Yup! :-) NetBSD developers who are also NAS staff do things ranging
from network r&d, mass storage development, parallel systems development,
and graphics systems development.
> HSM==Hierarchical Storage Management
>
> Mainframe-style on-demand automigration of data between disks and
> less-accesible media, like tape robots. I think NAS still use this;
> they used to have a custom-built tape robot in the 80s, when their
> online storage demands exceeded the capacit of COTS solutions.
Actually, the tape robots are "COTS" ... they're large StorageTek silos
w/ Timberline-series drives. The original version of NAStore (our HSM
system) ran on an Amdahl. That was replaced several years ago with
a couple of Convex 3820s (which is what it still runs on). The software,
however, is not COTS. NAStore is made up of several userspace daemons
that do the data migration, a large database that maps file handle to
silo/tape/file, as well as modifications to the operating system's
UFS implementation, which provide the hooks for the data migration.

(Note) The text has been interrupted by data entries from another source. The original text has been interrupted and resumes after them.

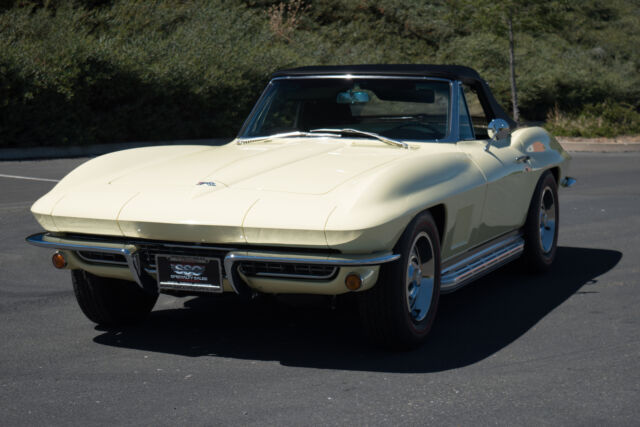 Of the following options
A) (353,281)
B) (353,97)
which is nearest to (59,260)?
(353,281)

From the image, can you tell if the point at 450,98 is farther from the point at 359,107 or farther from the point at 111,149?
the point at 111,149

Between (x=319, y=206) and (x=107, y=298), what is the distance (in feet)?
5.36

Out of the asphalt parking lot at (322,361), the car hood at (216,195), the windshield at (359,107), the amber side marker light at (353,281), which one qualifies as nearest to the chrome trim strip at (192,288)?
the car hood at (216,195)

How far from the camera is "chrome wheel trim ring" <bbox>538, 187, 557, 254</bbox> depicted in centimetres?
718

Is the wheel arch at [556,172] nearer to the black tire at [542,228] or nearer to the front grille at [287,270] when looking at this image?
the black tire at [542,228]

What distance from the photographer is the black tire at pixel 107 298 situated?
525 centimetres

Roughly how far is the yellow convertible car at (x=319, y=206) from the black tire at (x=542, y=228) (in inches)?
10.7

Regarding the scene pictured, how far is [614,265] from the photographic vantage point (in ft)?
24.3

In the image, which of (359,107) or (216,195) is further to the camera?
(359,107)

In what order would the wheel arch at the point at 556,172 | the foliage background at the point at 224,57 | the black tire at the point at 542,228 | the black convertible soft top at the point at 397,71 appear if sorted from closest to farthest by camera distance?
the black convertible soft top at the point at 397,71 → the black tire at the point at 542,228 → the wheel arch at the point at 556,172 → the foliage background at the point at 224,57

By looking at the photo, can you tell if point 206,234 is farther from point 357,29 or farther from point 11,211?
point 357,29

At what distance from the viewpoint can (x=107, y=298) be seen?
17.4ft

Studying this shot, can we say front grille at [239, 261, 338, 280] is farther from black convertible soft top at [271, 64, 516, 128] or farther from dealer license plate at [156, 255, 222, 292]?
black convertible soft top at [271, 64, 516, 128]

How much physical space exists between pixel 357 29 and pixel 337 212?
2943cm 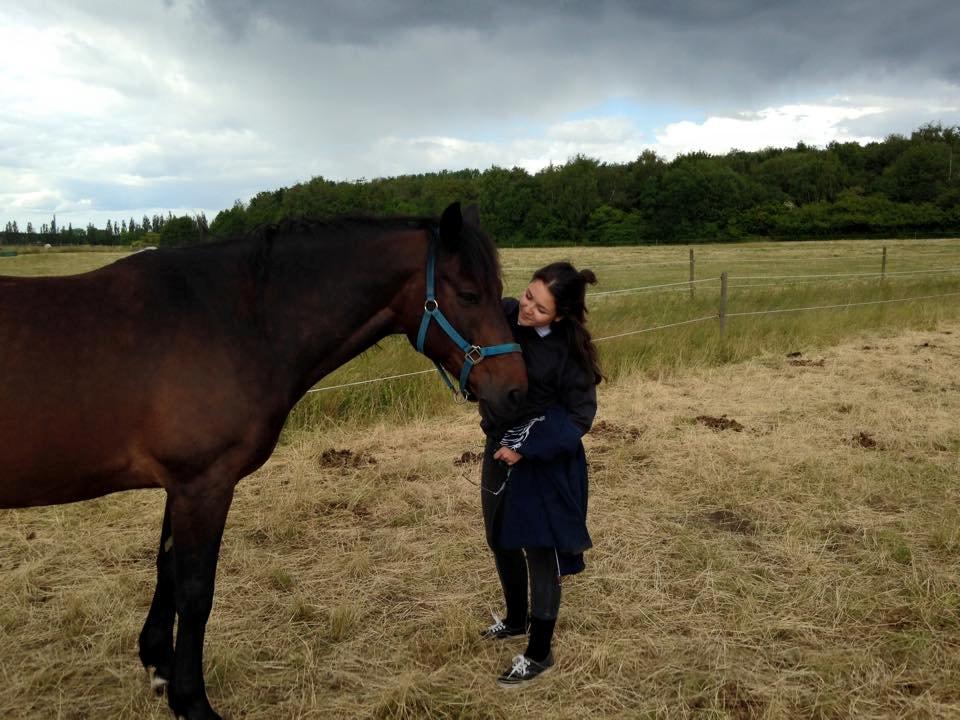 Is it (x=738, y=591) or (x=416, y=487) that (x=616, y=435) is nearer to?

We're working on the next version, which will be cheaper, more reliable,
more scalable, etc., etc. Thusfar, most of that work is being done with
NetBSD/alpha on a few AlphaServer 8200s. We hope to possibly replace the
custom hooks with a freely-distributable DMAPI implementation (a standardized
API for HSM-style data migration) which will then be integrated into the
master NetBSD sources.
We still use HSM because of the insane amount of data we need to store
(mostly CFD data sets). We're projecting MSS 3 to be capable of storing
multiple petabytes in the first production version.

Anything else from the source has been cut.